Editorial: Pro-Filipino Labor Law

Editorial: Pro-Filipino Labor Law

AMONG the key campaign promises of President Rodrigo Duterte in 2016 was ending contractualization, more known as end-of-contract or "endo". But where are we now in terms of fulfilling this huge promise?

After years of delay, the labor sector is finally seeing the clear skies as the Senate on Wednesday, May 22, passed on third and final reading Senate Bill No. 1826 or Security of Tenure Act, a measure that is expected to stop endo.

Endo has been a towering problem faced by Filipino workers for years.

Contractualization is generally understood as the arrangement by which a company taps a contractor for a labor force to complete a specific job or project within a specified period, a scheme preferred by some firms whose business operations are seasonal. Most cases involved related to this problem is the termination of the worker’s contract on the fifth month of their employment. The Labor Code mandates that for an employee to be regularized, s/he needs to render service of at least six months.

This scheme left laborers at the mercy of the unfair labor system.

Contractual or project-based workers are most prevalent in construction, manufacturing, and wholesale and retail trade.

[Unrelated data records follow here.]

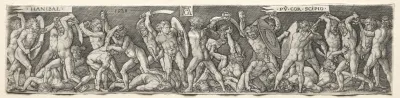 Hannibal Fighting Scipio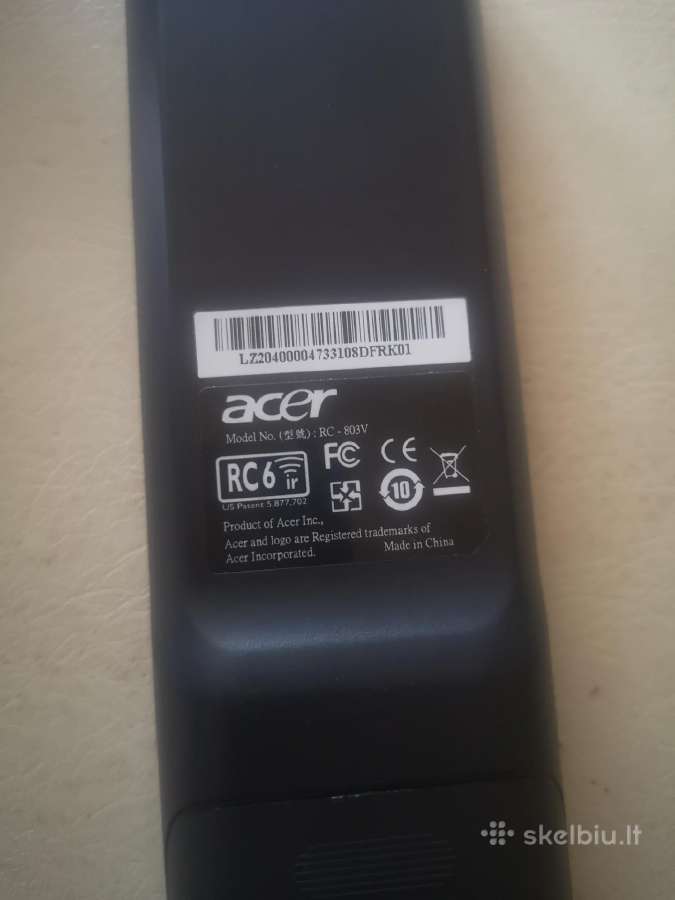 . Hp Touchsmart 600 ir acer rc807 pultai kompui - nuotraukos Nr. 3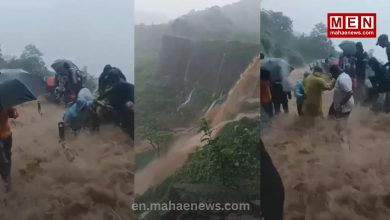 100 Tourists Rescued at Raigad Waterfall, Two Missing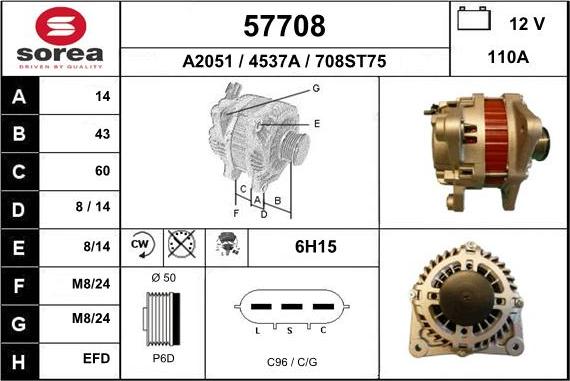 EAI 57708 - Alternator www.molydon.hr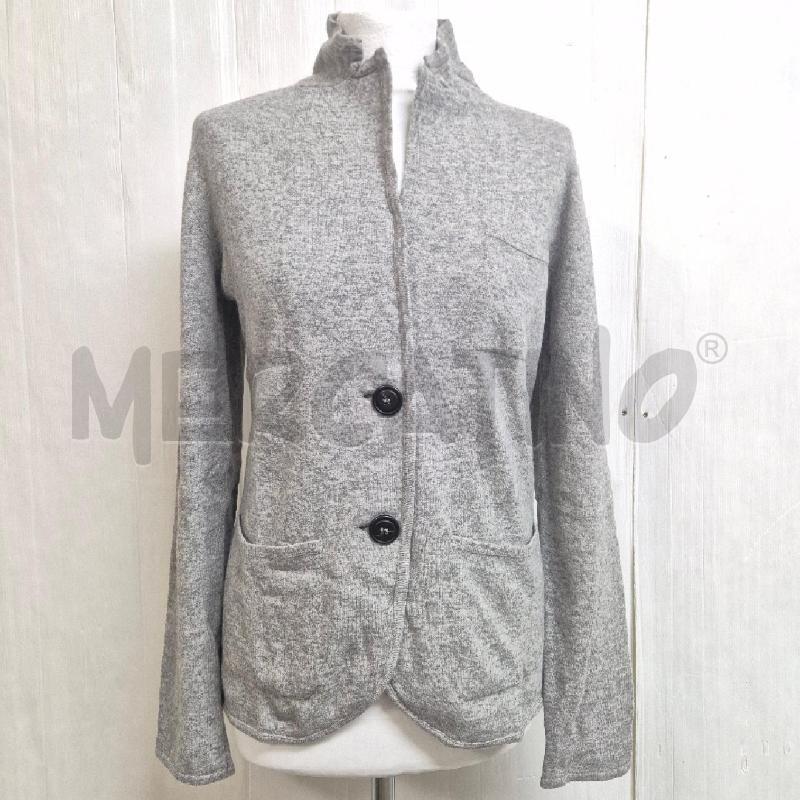 GIACCA DONNA PESERICO GRIGIO MISTO LANA/CASHMERE | Mercatino dell'Usato Cervia 1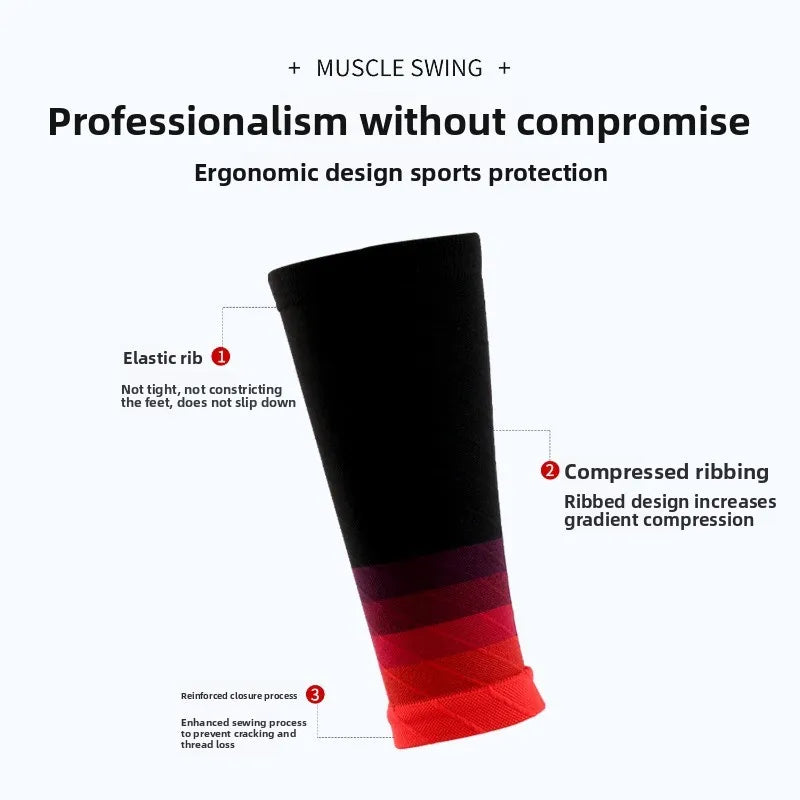 Breathable Calf Compression Sleeves, 1 Pair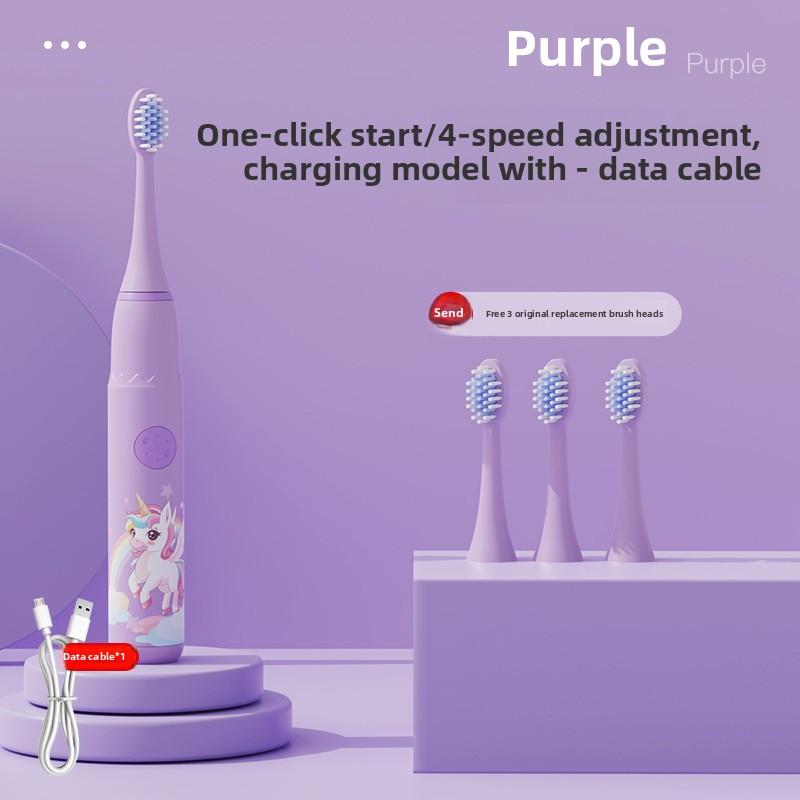 New Children's Toothbrush Cartoon Sonic Toothbrush Electric Soft Bristle Rechargeable Children's Electric Toothbrush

Let’s take a quick walk down memory lane of the measures placed as far as addressing endo is concerned.

The House of Representatives passed its version of the bill (House Bill 6908) on March 23, 2018. It seeks to amend the Labor Code of the Philippines, or Presidential Decree No. 442.

Under the House version, the law requires job contractors to secure a license from the Department of Labor and Employment, through the regional offices, before they could start operations. It also amended Article 294 of the Labor Code so that an employer may terminate an employee only for a just cause or when authorized and Article 295 to prohibit fixed-term employment, except in cases of overseas Filipino workers, workers on probation, relievers who are temporary replacements or absent regular employees whose engagements shall not exceed six months, project employees, and seasonal workers.

On May 1, 2018 President Duterte signed an executive order (EO) that reinforces a complete ban on “labor-only” contracting scheme.

The EO states that “contracting and subcontracting, when undertaken to circumvent the workers' right to security of tenure, self-organization and collective bargaining and peaceful concerted activities, pursuant to the 1987 Philippine Constitution, is hereby strictly prohibited.”

But an EO is never enough to totally ban endo as there were legal activities requiring contractual relation, thus the need for Congress to amend the “outdated” Labor Code.

The approval of the bills in both houses is a welcome move as only a new law can change the miserable situation of contractual workers.

The Senate version classifies workers under four employment types: regular, probationary, project, and seasonal. Project and seasonal workers have the same rights as regular employees like the payment of minimum wage and social protection benefits, among others, for the duration of their employment.

The Security of Tenure Bill’s ball is now on the bicameral conference committee before it will move to the Executive branch.

Dole reported that 413,940 workers from the private sector have been regularized since President Rodrigo Duterte assumed office in 2016.

Though this accomplishment is a step forward, a lot has yet to be done as there are an estimated 1.3 million contractual employees in the country. But with the new labor law on the rise, the future is bright.

Also, if the government is serious about wiping out this labor malpractice, the government’s “contract of service" and "job order" schemes must also be eradicated. It should start from within.

As the new law awaits the BiCam conference, we call on the legislators and the administration to come up with nothing but a law that is pro-labor, pro-business, in short, pro-Filipino.